**** Data records

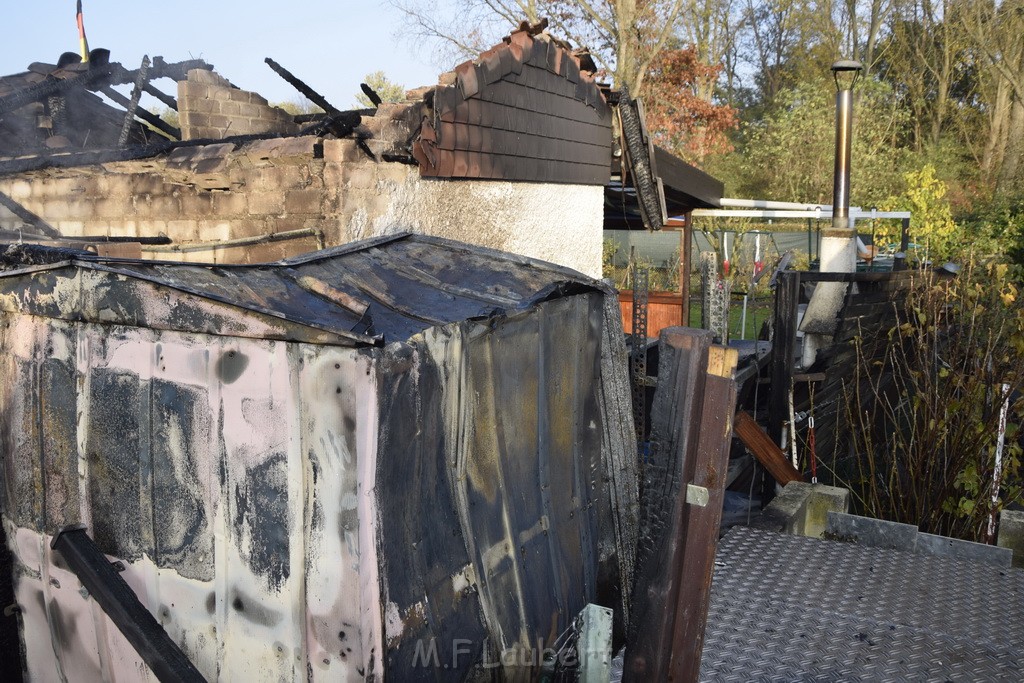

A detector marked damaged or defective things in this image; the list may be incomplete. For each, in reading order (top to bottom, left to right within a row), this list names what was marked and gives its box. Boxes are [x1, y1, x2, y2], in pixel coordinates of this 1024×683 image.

burnt wooden beam [117, 56, 149, 148]
burnt wooden beam [98, 86, 180, 141]
burnt wooden beam [262, 57, 337, 114]
burned roof structure [0, 232, 638, 679]
burnt wooden beam [737, 411, 798, 485]
burnt wooden beam [671, 348, 737, 683]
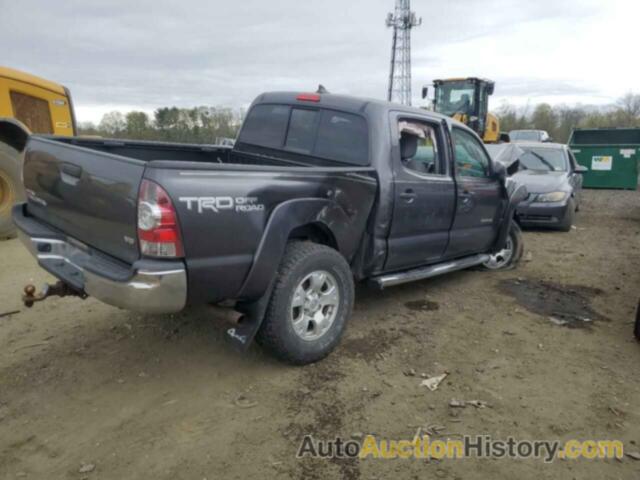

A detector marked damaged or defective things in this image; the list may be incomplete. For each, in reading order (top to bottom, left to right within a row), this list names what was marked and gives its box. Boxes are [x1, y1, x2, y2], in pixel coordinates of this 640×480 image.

damaged toyota tacoma [3, 92, 524, 364]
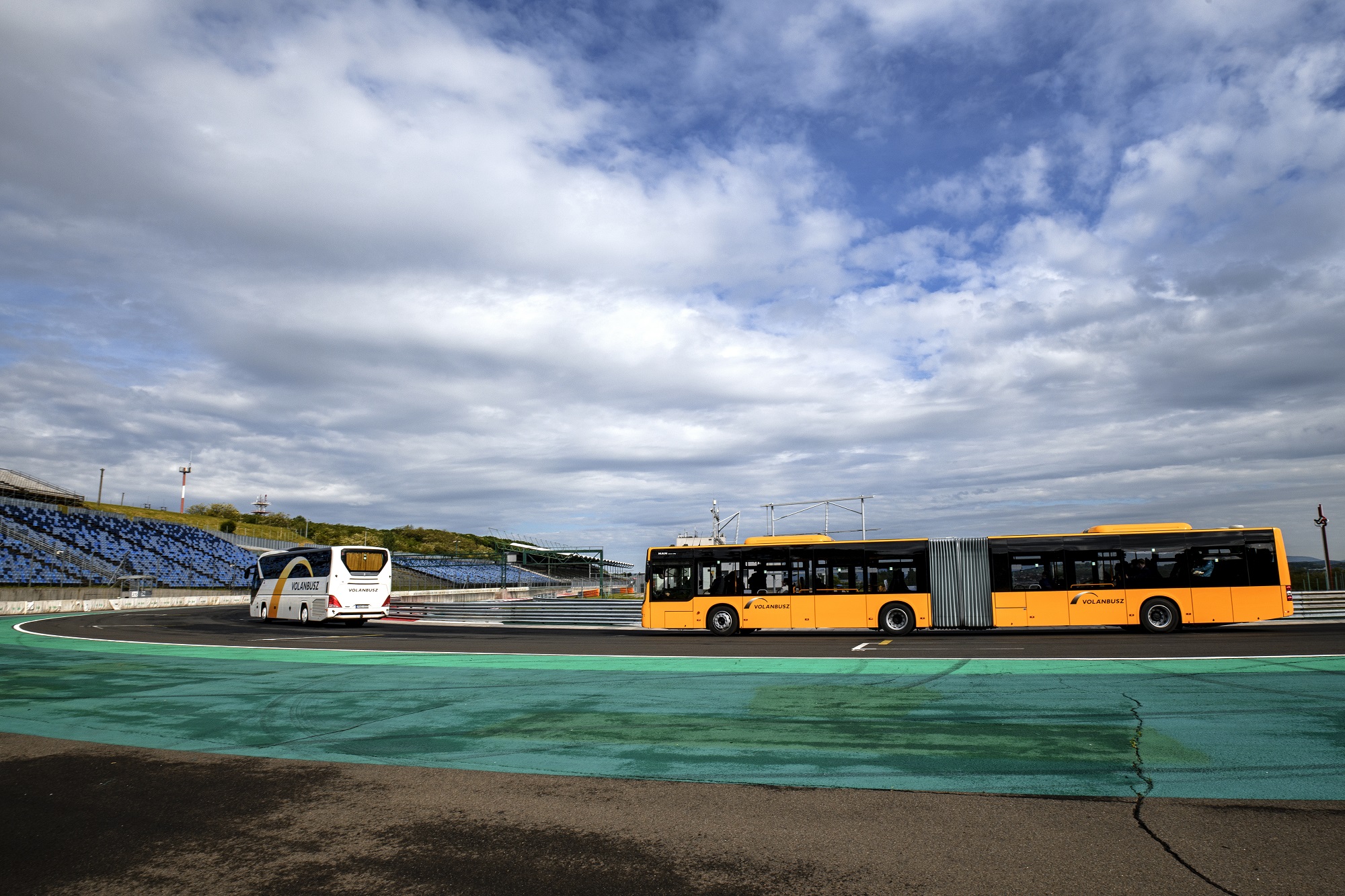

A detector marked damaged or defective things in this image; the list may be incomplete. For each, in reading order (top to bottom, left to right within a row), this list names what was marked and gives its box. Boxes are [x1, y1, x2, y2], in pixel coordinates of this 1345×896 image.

crack in asphalt [1124, 688, 1237, 893]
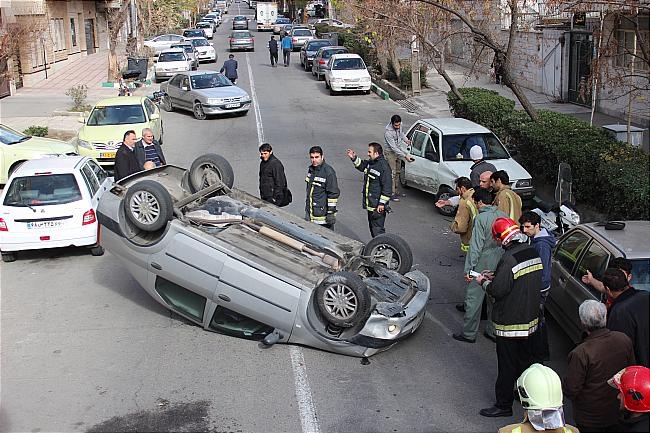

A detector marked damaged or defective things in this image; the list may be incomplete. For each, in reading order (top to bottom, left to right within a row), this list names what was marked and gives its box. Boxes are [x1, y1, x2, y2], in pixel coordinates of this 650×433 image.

overturned silver car [96, 154, 428, 356]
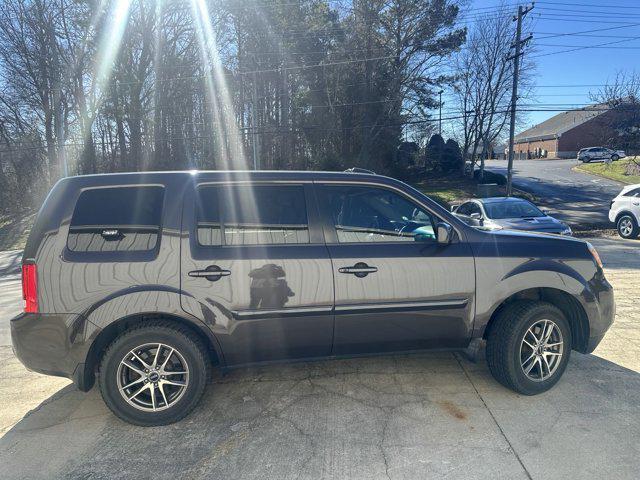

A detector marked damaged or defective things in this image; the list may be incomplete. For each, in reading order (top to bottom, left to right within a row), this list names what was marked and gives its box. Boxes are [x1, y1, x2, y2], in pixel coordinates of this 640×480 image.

cracked concrete [1, 237, 640, 480]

********

→ Exercise details
In the records above, find the line that contains "this 650×433 image." and retype it and all lines after it exactly, leaving out any pictures.

→ Task result
A detector marked damaged or defective things in this image; the list may be incomplete. For each, in reading order (top to bottom, left to right within a row), this list names what was marked and gives its box. Boxes are [x1, y1, x2, y2], in pixel coordinates of this 650×433 image.

overturned silver car [96, 154, 428, 356]

A detector marked damaged or defective things in this image; the list may be incomplete. For each, in reading order (top to bottom, left to right within a row), this list names what was marked and gives its box. Boxes are [x1, y1, x2, y2], in pixel coordinates of this 640×480 image.

cracked concrete [1, 237, 640, 480]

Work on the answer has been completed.